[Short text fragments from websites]
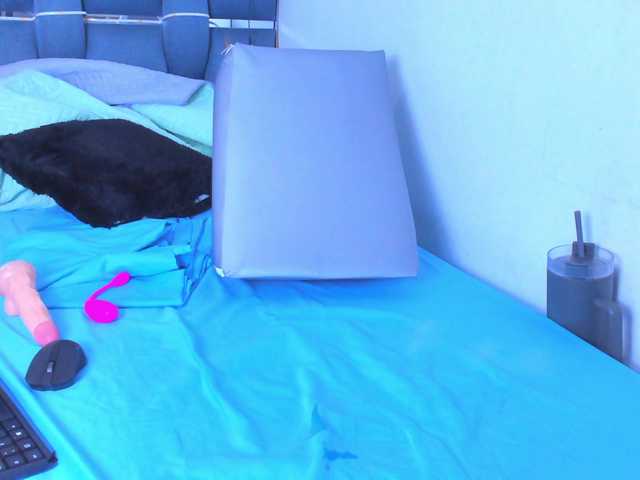 madelinsquit live cam on BongaCams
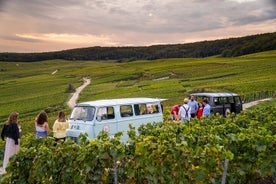 Champagnetour van een halve dag met een vintage busje uit Epernay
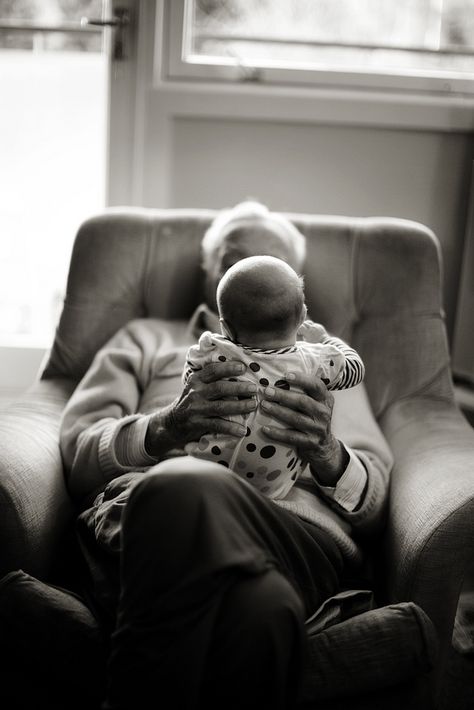 granddad holding the little Spoiled Kids, Foto Baby, White Photo, Family Love, Grandchildren, Baby Pictures, Baby Photography, Baby Love, Baby Photos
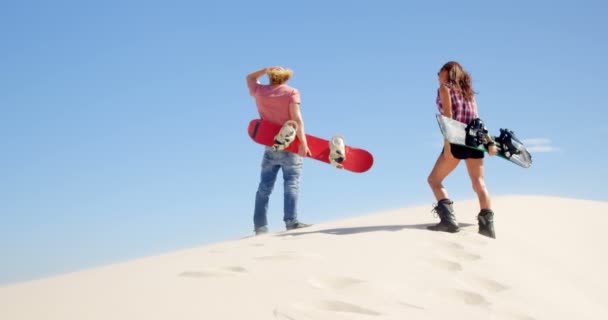 Pareja Con Tablas Arena Mirando Una Distancia Desierto Día Soleado — Vídeos de Stock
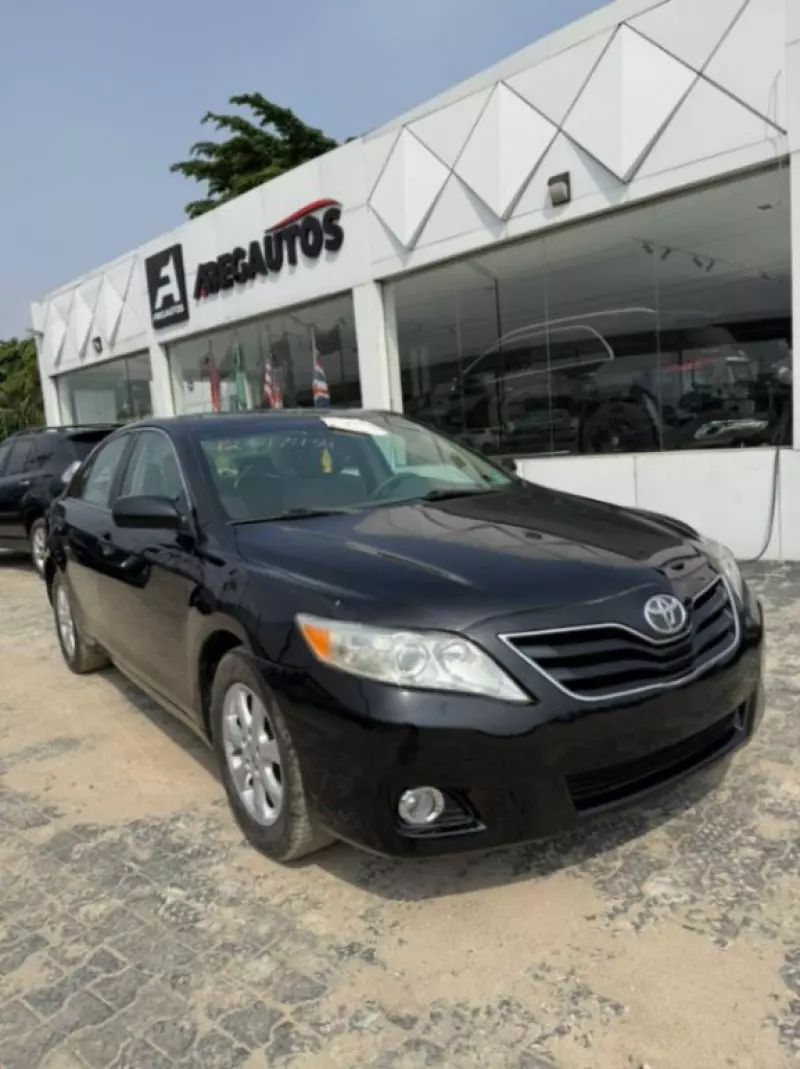 Toyota Camry - 2011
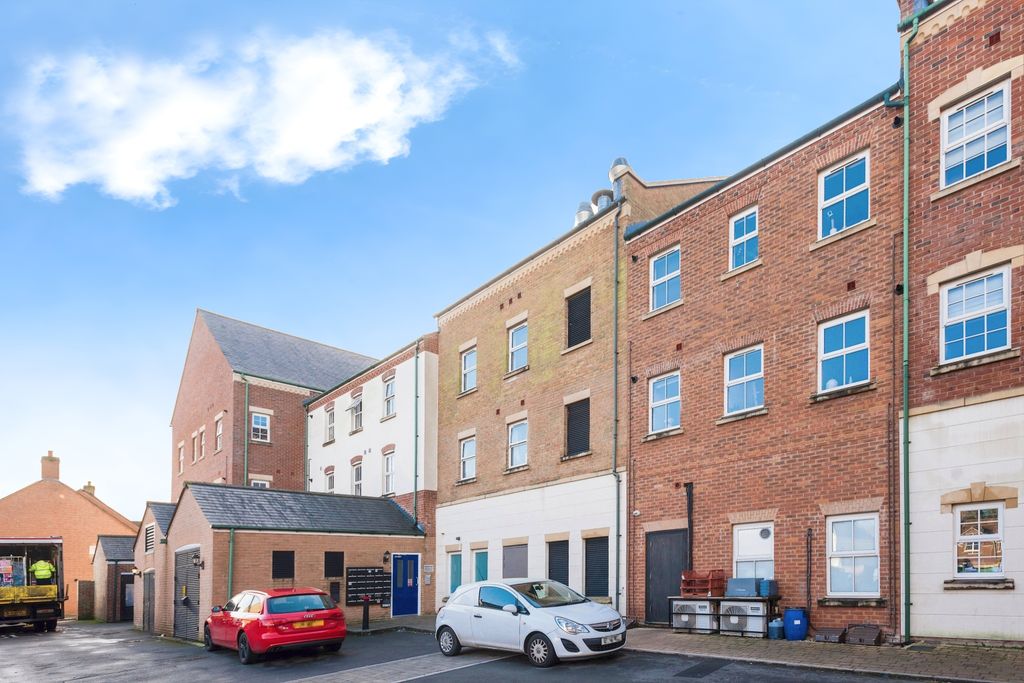 Additional image 9 of 2 bed flat for saleStaldon Court, Swindon, Wiltshire SN1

What to do — With the pictures removed from your copy, retype the lines above from the one that contains "granddad holding the" through the one that contains "Pareja Con Tablas", exactly.

Exercise solution —
 granddad holding the little Spoiled Kids, Foto Baby, White Photo, Family Love, Grandchildren, Baby Pictures, Baby Photography, Baby Love, Baby Photos
 Pareja Con Tablas Arena Mirando Una Distancia Desierto Día Soleado — Vídeos de Stock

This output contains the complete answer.